The Parallel semantics work out if your Process is infinite, but if either side halts then you will get into the case where a side has been run for effects, but the only thing that can be done is just ignore the result. This can leave you in an inconsistent state. It’s similar to the issue with push-semantics where the producer will outrun the consumer.

@garyb Could this be solved by using a queue as well? I don’t know if you’re using aff-coroutines, but it essentially uses an AVar as a queue, where emit is a put, and await is a take. I personally recommend handling this pattern explicitly if you’re using Aff.

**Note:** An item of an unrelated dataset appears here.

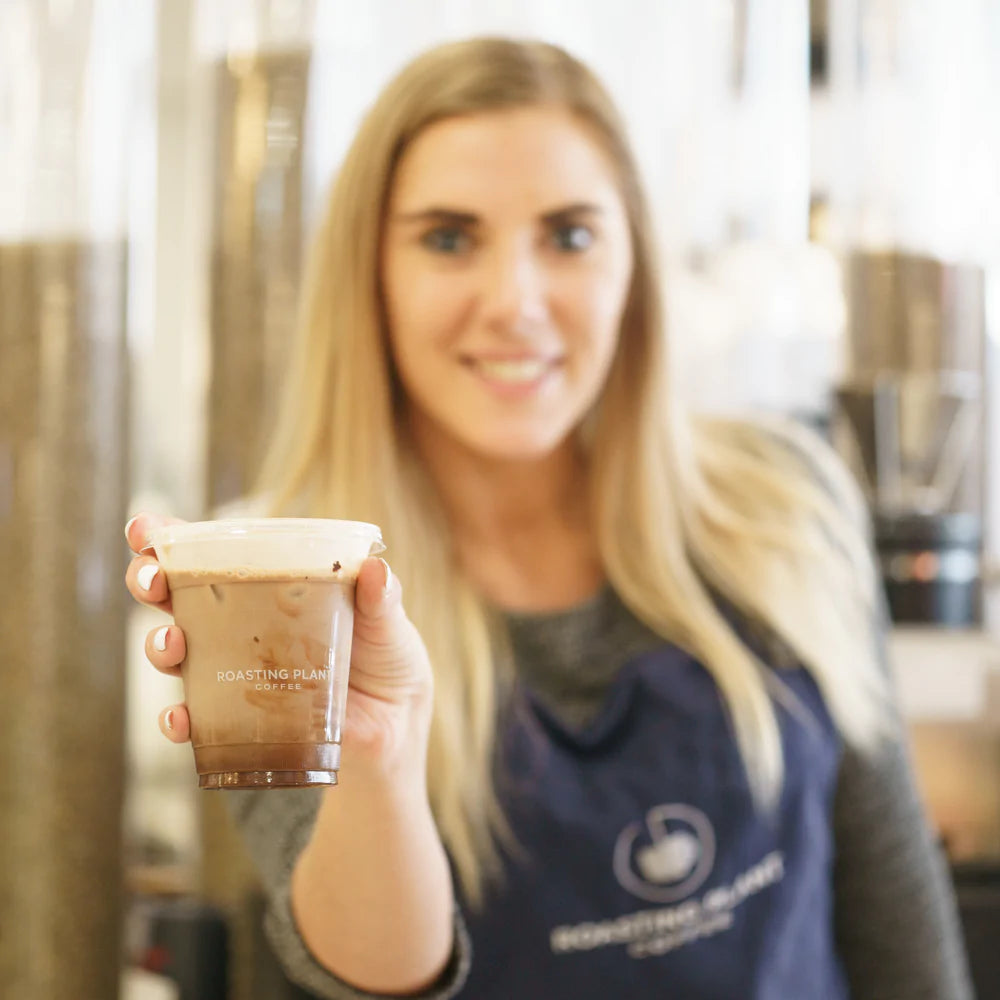 Woman holding up coffee drink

garyb · March 26, 2020, 2:22pm

It’s not using aff-coroutines, no. It is using an AVar to block on the UI side, and it could perhaps have been done entirely with an AVar, since the queuing behaviour is quite close to what this thing does, but I created a mutable array backed buffer for it, since there was some looking ahead and things required also.

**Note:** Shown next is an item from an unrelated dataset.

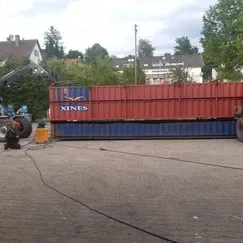 Ein Schweißer arbeitet auf einem Parkplatz an einem großen blau-roten Schiffscontainer.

Also, just curious, this is getting a little off topic now, but do you think AVar queueing would still be performant when it has like 100k things backed up in it? The buffer I’m dealing with can get pretty massive.

JordanMartinez · March 26, 2020, 2:25pm

“Broader primitive” makes sense! As I was writing the guide, part of me thought, “I wonder what would happen if one used something other than Await, Emit, Transform, etc. for the functor in the FreeT. Since Co SomeOtherFunctor would still fit the base type, perhaps there is more one could do than what this library currently exposes.”

Ah, no worries! Thanks for pointing out this kind of stuff. I guess you could say I had the opposite reaction. I thought, “Hey! That reminds me of ReactFX! …Huh? What’s a coroutine?”

I was wondering what the difference was between this and purescript-events as I thought the latter was actual FRP. I stated FRP above as the solution because it seemed too similar to FRP, so that was my understanding at the time (albeit with a bit of confusion for why then was it called ‘coroutines’). Regardless, thanks for further affirming that correction.

That was an assumption on my part. Thanks for correcting that.

Yeah… I ran out of time when I was writing the above guide. So, I figured I would cover Process and get back to it later since that’s how one runs it. Even if I had, it looks like my overview would have been wrong anyways.

Nice!

So, here’s some lingering questions I have:

Nate and Gary both implied that coroutines could be improved in various ways to make it more user-friendly (at least, that’s how I read your statements). What would such improvements look like? Could these be incorporated into purescript-coroutines or should that be a separate library?
Besides the things Nate mentioned above, what else would need to be covered before this guide is complete?
Besides Gary’s example, what other problems would be easily solved (and should be solved) using purescript-coroutines (rather than purescript-event, etc.)?

natefaubion · March 26, 2020, 3:43pm

There are no performance concerns with the size of the producer queue. It’s implemented as a mutable doubly-linked list, and all the operations are constant time. Honestly I wish I had just this exposed with a PureScript API . The only concern might be memory? There is the cell for the list, and then there is the object for the value/callback, so it will probably use more memory than a given Array. The AVar queue doesn’t need to copy as it grows, so there are some tradeoffs.

Nate and Gary both implied that coroutines could be improved in various ways to make it more user-friendly (at least, that’s how I read your statements).

My main issue with it is that it isn’t clear what the vision or goal of the library is. What workflows and use-cases is it trying to support? Without knowing that, it’s not possible to say whether the semantics are correct or not, or are particularly useful, or what really needs to be added or changed. Most users coming to it have slightly different needs, and I’ve found that it satisfies a very small number of them, so I’m inclined to recommend other solutions.

thomashoneyman · June 22, 2020, 1:34am

This has been added to the coroutines library and can be iterated on from there. Thanks, Jordan!

JordanMartinez · June 22, 2020, 8:13pm

Thanks for finishing it, @thomashoneyman!